Dataset entries —
·····

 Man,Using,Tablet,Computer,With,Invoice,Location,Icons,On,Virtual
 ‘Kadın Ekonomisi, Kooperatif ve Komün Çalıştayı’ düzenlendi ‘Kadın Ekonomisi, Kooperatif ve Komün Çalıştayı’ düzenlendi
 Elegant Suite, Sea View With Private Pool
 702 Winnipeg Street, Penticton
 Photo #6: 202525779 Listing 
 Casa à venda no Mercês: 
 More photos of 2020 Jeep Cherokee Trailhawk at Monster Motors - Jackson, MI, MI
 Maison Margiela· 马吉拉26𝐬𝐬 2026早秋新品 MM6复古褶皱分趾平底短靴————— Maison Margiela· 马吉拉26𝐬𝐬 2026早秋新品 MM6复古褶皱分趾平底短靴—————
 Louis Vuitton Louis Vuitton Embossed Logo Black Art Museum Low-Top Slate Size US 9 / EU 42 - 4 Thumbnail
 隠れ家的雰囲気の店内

·····

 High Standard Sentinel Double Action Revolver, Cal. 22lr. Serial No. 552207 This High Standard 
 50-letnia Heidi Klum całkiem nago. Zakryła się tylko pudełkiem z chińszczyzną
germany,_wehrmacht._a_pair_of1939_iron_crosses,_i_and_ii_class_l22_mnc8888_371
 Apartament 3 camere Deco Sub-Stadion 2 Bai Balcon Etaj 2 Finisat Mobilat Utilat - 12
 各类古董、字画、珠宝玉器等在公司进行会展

·····

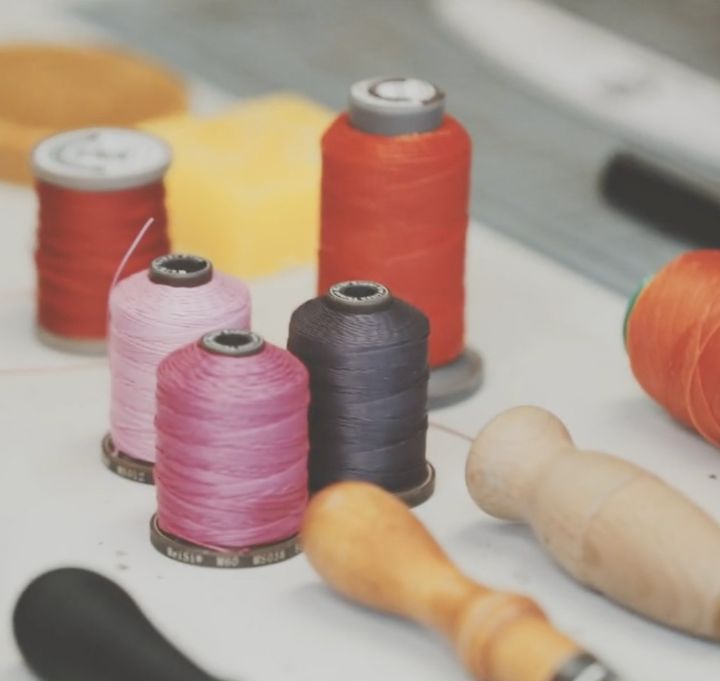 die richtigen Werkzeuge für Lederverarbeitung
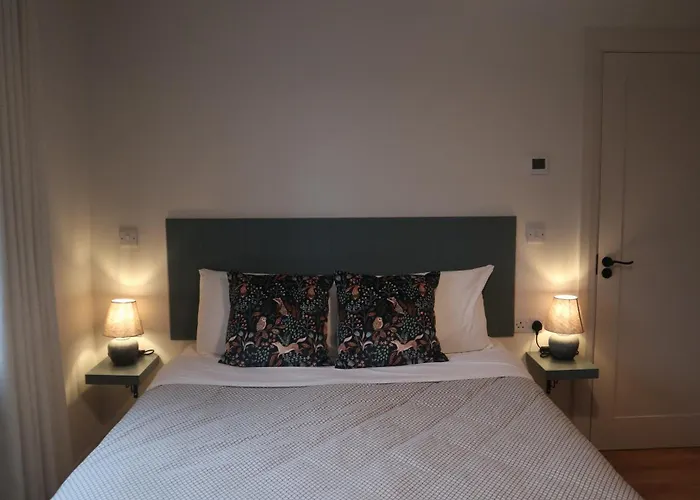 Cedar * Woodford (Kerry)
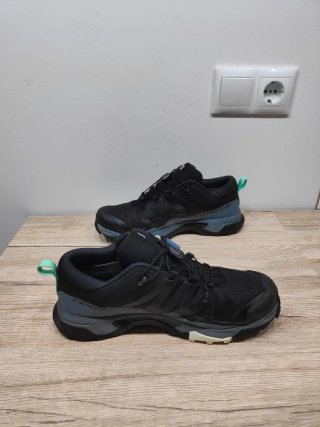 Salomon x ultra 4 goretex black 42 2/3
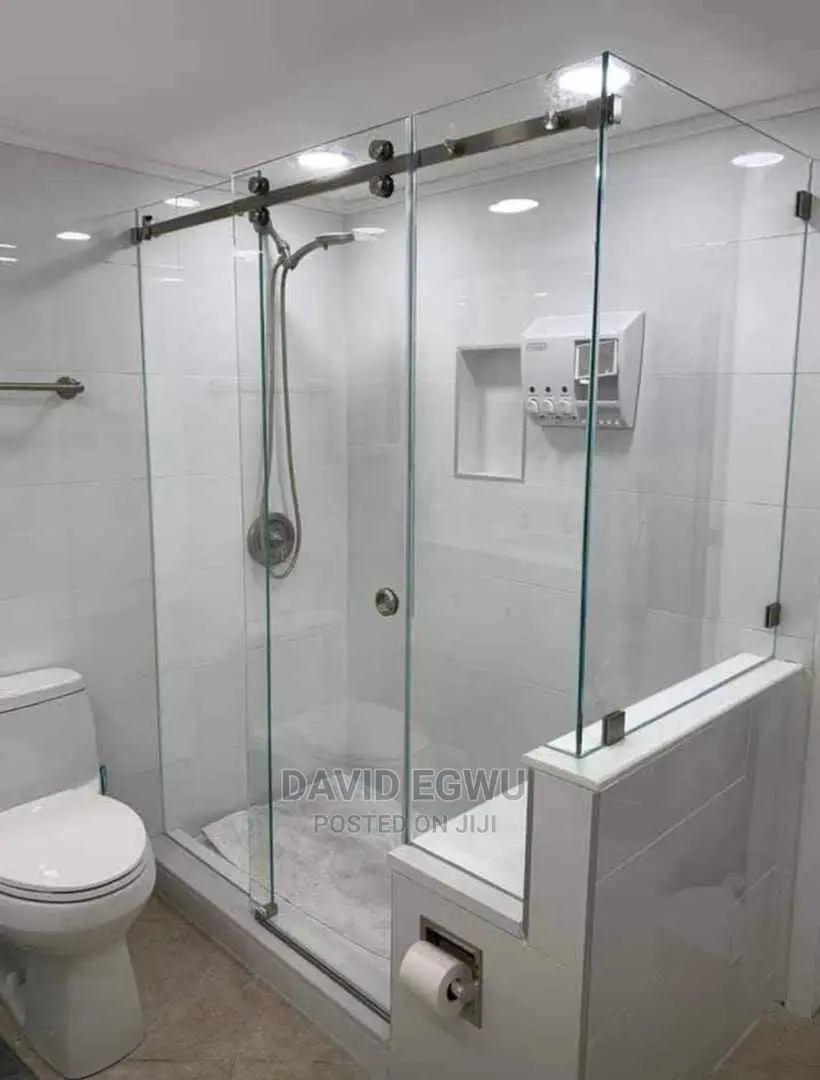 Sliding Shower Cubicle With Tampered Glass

·····

What is expected —
Write out exactly the lines that fall from the line with "Man,Using,Tablet,Computer,With,Invoice,Location,Icons,On,Virtual" to the line with "Elegant Suite, Sea View With Private Pool" in the records above, keeping both ends.

Solution to the exercise —
 Man,Using,Tablet,Computer,With,Invoice,Location,Icons,On,Virtual
 ‘Kadın Ekonomisi, Kooperatif ve Komün Çalıştayı’ düzenlendi ‘Kadın Ekonomisi, Kooperatif ve Komün Çalıştayı’ düzenlendi
 Elegant Suite, Sea View With Private Pool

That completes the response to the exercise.